Build steps through a terraced garden or up a hill to another building on your property. Get a professionally landscaped look but don't let it break your wallet. Use recycled materials, such as railroad ties or natural stones, to build your steps. This is the same process used for building garden terraces; you can extend the walls beyond the steps and plant a cascading garden. This type of landscape works well for installing a running water feature such as a waterfall and garden pond.
Measure the rise and run of the slope. Place a wooden stick or pole at the lowest point of your slope. It must be tall enough to reach just past the highest point of your slope. Place a shorter pole at the highest point of your slope, at the other end of the area you will be terracing.

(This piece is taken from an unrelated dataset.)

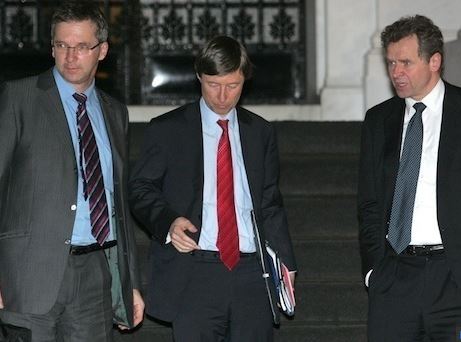 Η κυβέρνηση προετοιμάζει το «έδαφος» για την άφιξη της τρόικας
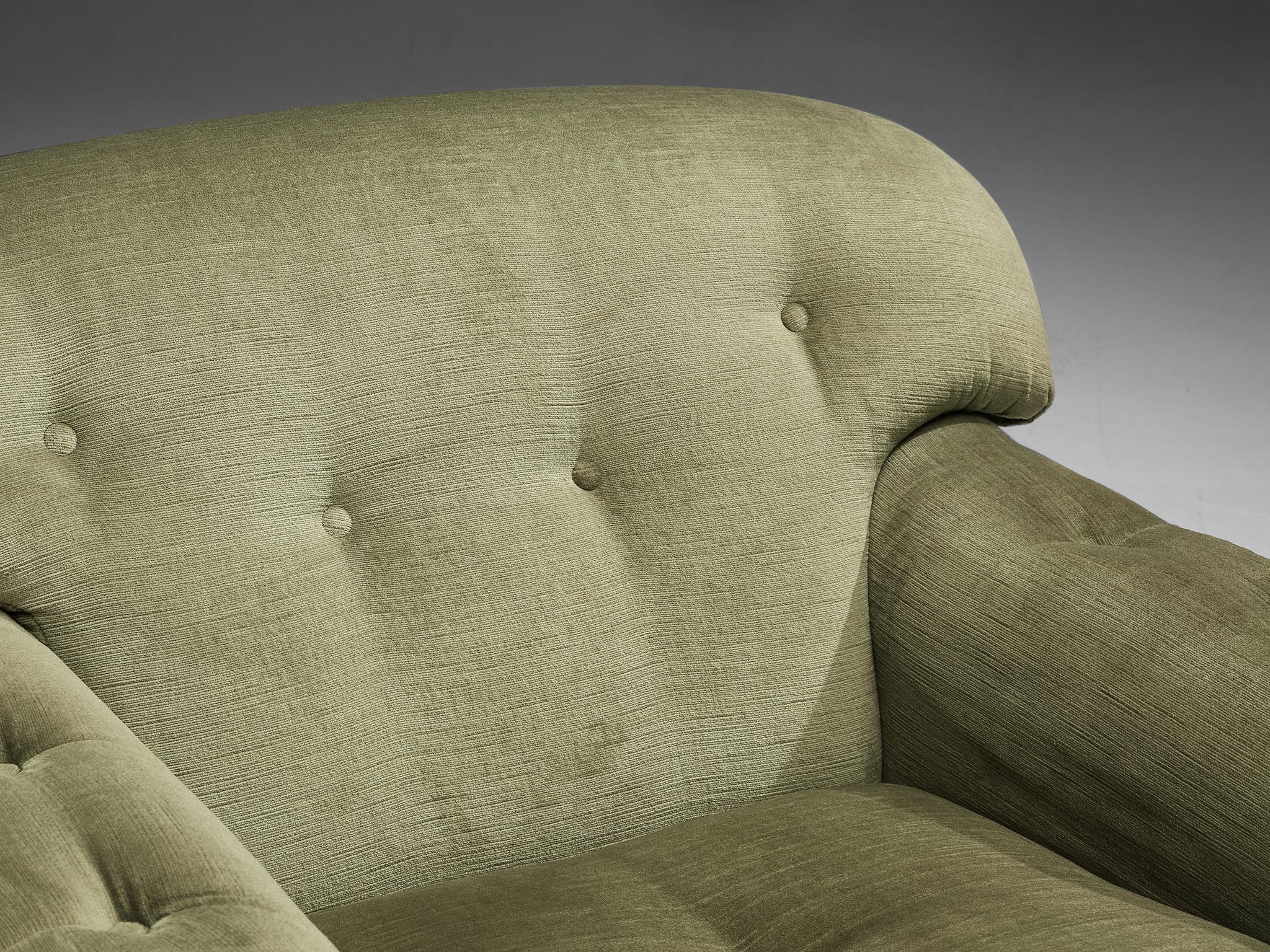 Rare Jorge Zalszupin Pair of Lounge Chairs in Green Velvet and Fiberglass  5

Run a string from the top of the long pole to the bottom of the shorter pole. Use a level to adjust the string until one end is at the exact height of the slope or on the ground tied to the shorter pole, and the other end is tied near the top of the long pole so that the string is level. The distance between the poles is your "run" value. The measurement of the string at the top to the ground at the bottom of the long pole is your "rise" value. That's how tall the slope is.
Determine how many terraces you will need from the rise and run values. For example, if the run is 20 feet and the rise is 8 feet, you would end up with four terraces that are 5 feet wide by 2 feet high.
Stake out your terraces with four wooden stakes at the corners. Dig the trench for the first tier. Measure the width of your timbers or bricks and dig the trench wide enough to fit them, the entire length of the terrace, and around the corners. If the height of the tier is 2 feet or less, bury it to two-thirds of the building material's thickness. If it is taller, you will need to dig the first tier deeper. Bricks are likely heavy enough to hold up on their own; bury at least a full layer of them on the first trench.
Place your timbers or bricks. Level them using a level. If you are using timber, drill holes at the ends of all timbers. Place a piece of rebar through the hole and at least 18 inches into the ground, according to Master Garden Products.
Fill the first step with soil until the step is level and you still have enough room to place bricks inside the framed step.
Dig your second trench. It is likely that you will already have room to place the front facing wall, but you will need to dig into the hill to place the sides.
Place your timbers for the second tier and make sure everything is level. With wood, spike the ends as you did for the first step to anchor the wall.
Repeat steps 5, 6 and 7 for the remaining steps. If a back wall is necessary, remember that it will be level with the front wall of that tier.
Lay your bricks into each step frame. Spread a layer of dry mason sand over the top of the bricks to keep them in place and fill the cracks. Spray with water to set the sand.